O rácio de empréstimos sobre os depósitos rondava os 60% antes da pandemia, caiu para o patamar de 50% durante a pandemia e subiu continuamente até se situar novamente em 64%, no 3.º Trimestre de 2022. A partir dessa data, observa-se uma nova redução para o patamar de 50%, que se mantém pelo menos até Outubro de 2023. Houve algum dinamismo no crédito durante os 9 meses de 2022, com o rácio muito acima dos valores registados durante a pandemia, mas o ano de 2022 termina com um valor semelhante ao do período pandémico.
O rácio dos empréstimos sobre o total do passivo bancário apresenta uma relativa estabilidade desde o 1.º Trimestre de 2022 (32%), mas cai para o patamar de 29% no 3.º Trimestre de 2023. Portanto, apesar do peso do Estado, continua a existir liquidez suficiente na banca para conceder muito mais crédito à economia. O crédito total subiu por dois motivos:
1) pelo efeito cambial, resultante da conversão em Kwanzas dos créditos em Moeda Externa (cada USD representa mais Kwanzas quando a Moeda Nacional se deprecia); e
2) pelo aumento exponencial do crédito bancário ao Estado em Junho, devido à crise de Tesouraria nas contas públicas.
O problema do peso do crédito ao Estado reside em oferecer um risco reduzido, permitindo à banca manter uma boa rentabilidade sem ter de enveredar pelo negócio de elevado risco e rentabilidade por vezes negativa que constitui o crédito às empresas. Ou seja, o capital dos bancos é suficientemente remunerado pelo crédito ao Estado, ao mesmo tempo que a expectativa da banca para o crédito à actividade privada parece ser negativa, para a generalidade dos projectos, tendo em conta o risco.

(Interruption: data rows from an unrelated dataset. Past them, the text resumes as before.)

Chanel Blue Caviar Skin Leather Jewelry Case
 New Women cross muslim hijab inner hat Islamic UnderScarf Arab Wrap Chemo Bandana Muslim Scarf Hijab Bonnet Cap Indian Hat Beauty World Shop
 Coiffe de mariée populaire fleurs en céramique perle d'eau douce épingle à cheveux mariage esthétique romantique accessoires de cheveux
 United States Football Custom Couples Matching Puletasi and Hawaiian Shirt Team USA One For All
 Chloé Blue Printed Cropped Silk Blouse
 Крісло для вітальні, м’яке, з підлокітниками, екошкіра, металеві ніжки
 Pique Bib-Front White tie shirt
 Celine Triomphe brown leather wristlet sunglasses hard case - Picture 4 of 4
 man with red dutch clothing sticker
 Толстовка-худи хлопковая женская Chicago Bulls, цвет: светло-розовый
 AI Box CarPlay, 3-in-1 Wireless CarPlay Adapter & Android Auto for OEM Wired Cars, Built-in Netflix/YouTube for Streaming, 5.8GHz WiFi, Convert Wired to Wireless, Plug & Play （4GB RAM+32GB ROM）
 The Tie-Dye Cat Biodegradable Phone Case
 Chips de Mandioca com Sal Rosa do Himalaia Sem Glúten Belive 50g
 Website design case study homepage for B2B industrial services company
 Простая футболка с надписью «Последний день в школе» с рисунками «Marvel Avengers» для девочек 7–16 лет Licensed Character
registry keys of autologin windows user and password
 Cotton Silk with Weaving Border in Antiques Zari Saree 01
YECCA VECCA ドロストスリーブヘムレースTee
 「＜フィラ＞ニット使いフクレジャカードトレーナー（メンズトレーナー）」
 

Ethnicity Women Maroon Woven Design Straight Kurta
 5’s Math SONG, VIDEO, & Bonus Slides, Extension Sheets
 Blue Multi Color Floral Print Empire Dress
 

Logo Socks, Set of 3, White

Nessas circunstâncias, só uma forte redução do crédito ao Estado, com a consequente redução da rentabilidade dos capitais da banca, poderia justificar um forte investimento no controlo do risco que permitisse aumentar o crédito à actividade.
A banca reage por inércia. Está habituada a um dado nível de rentabilidade com pouca concorrência e pouco risco e não vê justificação para alterar o modelo de negócios. Nestas condições, o crédito não aparece. O crédito real à produção, usando a inflação do INE, foi negativo no 1.º Trimestre de 2022, no montante de -130 mil milhões, é completamente anémico nos 2.º e 3.º Trimestres (69 mil milhões e 45 mil milhões), volta a ser negativo no final de 2022 (-294 mil milhões), recupera significativamente no 1.º Trimestre de 2023 (249 mil milhões), cresce mais que o dobro no 2.º Trimestre de 2023 (516 mil milhões — efeito cambial) e volta a estar anémico no 3.º Trimestre (24 mil milhões), mas em Outubro e durante todo o 4.º Trimestre apresenta uma forte tendência de recuperação.
Estas variações bruscas no 2.º e 3.º Trimestre têm que ver, não com a concessão efectiva de crédito, mas com o efeito cambial dos créditos em moeda externa que se valorizaram, em Kwanzas, devido à depreciação cambial: um crédito de 1.000 USD valia, no início de Maio, cerca de 505 mil Kwanzas e, no fim de Junho, cerca de 822 mil.
A fraca concessão efectiva de crédito dá a estas variações cambiais um peso significativo: entre 2021 e 2022, no sentido descendente (aparente menor crédito concedido) e, agora, no sentido ascendente (maior crédito concedido). Não tendo dados sobre o volume de stocks de crédito em moeda externa, apenas podemos alertar o leitor para ter em conta estas circunstâncias na sua leitura. Contudo, no 4.º Trimestre parece que há, finalmente, uma significativa libertação do crédito bancário para a economia.
Desde o 1.º Trimestre de 2022 até ao 3.º Trimestre de 2023, o crédito real à produção totaliza cerca de 480 mil milhões de Kwanzas, enquanto o crédito às famílias ronda os 501 mil milhões de Kwanzas. Na verdade, um valor total em 7 trimestres de cerca de 480 mil milhões de Kwanzas é claramente insuficiente. Nesse período, o total de crédito ao consumo é superior ao crédito à produção.